Jacques-Maurice Couve de Murville (/fr/; 24 January 1907 – 24 December 1999) was a French diplomat and politician who was Minister of Foreign Affairs from 1958 to 1968 and Prime Minister from 1968 to 1969 under the presidency of General de Gaulle. As foreign minister he played the leading role in the critical Franco-German treaty of cooperation in 1963, he laid the foundation for the Paris-Bonn axis that was central in building a united Europe.

==Life==

He was born Maurice Couve (his father acquired the name de Murville in 1925 in Reims. Maurice Couve de Murville, the Roman Catholic Archbishop of Birmingham (1929–2007), was his cousin.

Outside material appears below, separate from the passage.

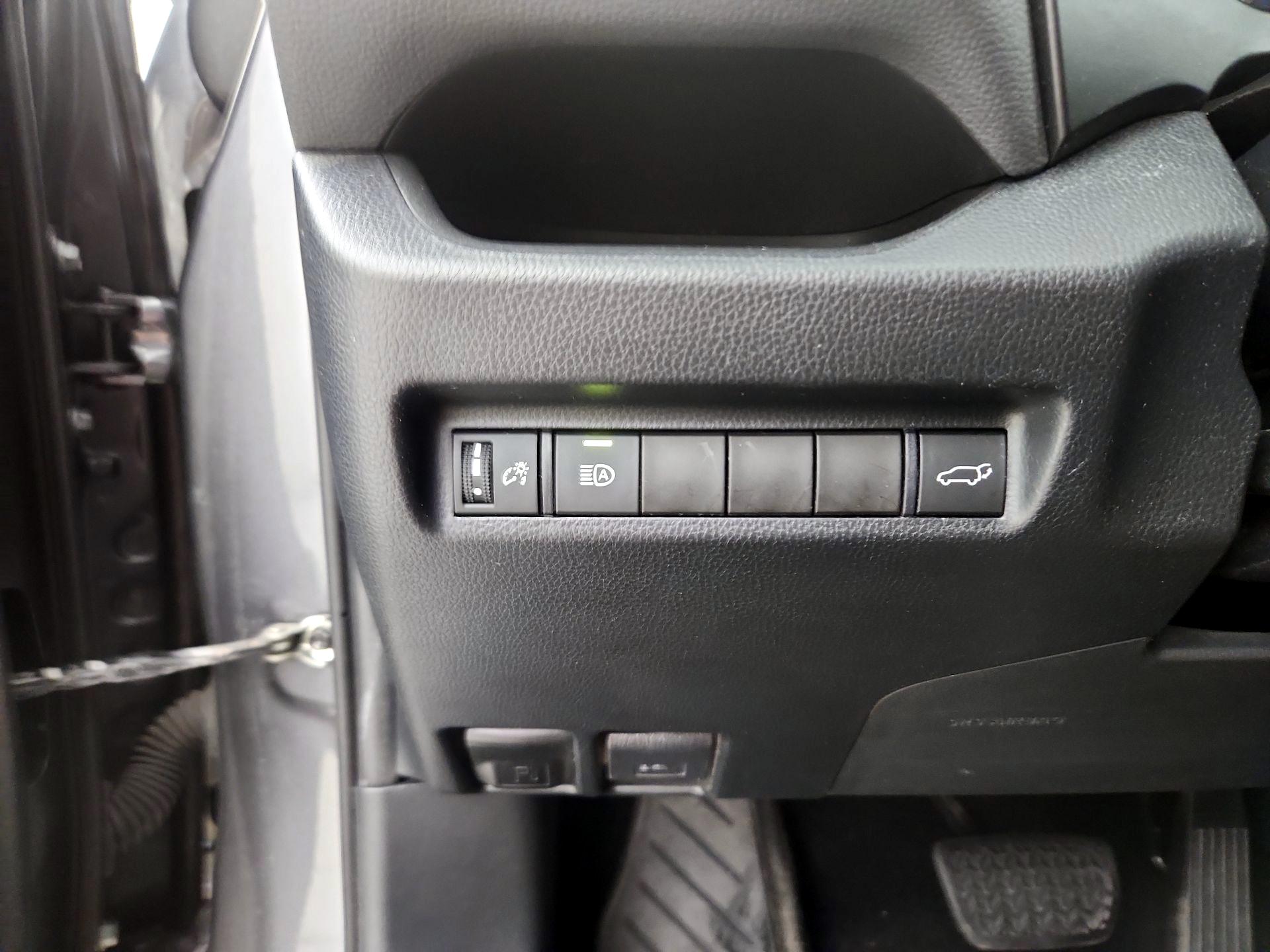 Thumbnail: 2019 Toyota RAV4 - 13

Couve de Murville joined the corps of finance inspectors in 1930, and he became Director of External Finances of the Vichy régime in 1940 in which capacity he sat at the armistice council of Wiesbaden. In March 1943, after the American landing in North Africa, he was one of the few senior officials of Vichy to join the Free French. He left for Algiers, via Spain, where he joined General Henri Giraud. On 7 June 1943, he was named commissioner of finance of the French Committee of National Liberation (CFLN). A few months later, he joined General Charles de Gaulle. In February 1945, he became a member of the Provisional Government of the French Republic (GPRF) with the rank of ambassador attached to the Italian government.

After the war, he occupied several posts as French Ambassador in Cairo (1950 to 1954), at NATO (1954), in Washington (1955 to 1956) and in Bonn (1956 to 1958). When General de Gaulle returned to power in 1958, he became Foreign Minister, a post he retained for ten years until the reshuffle that followed the events of May 1968 where he replaced Finance Minister Michel Debré, keeping this post only a short time. Very soon after the elections, he became a transitional Prime Minister, replacing Georges Pompidou. The following year he was succeeded by Jacques Chaban-Delmas.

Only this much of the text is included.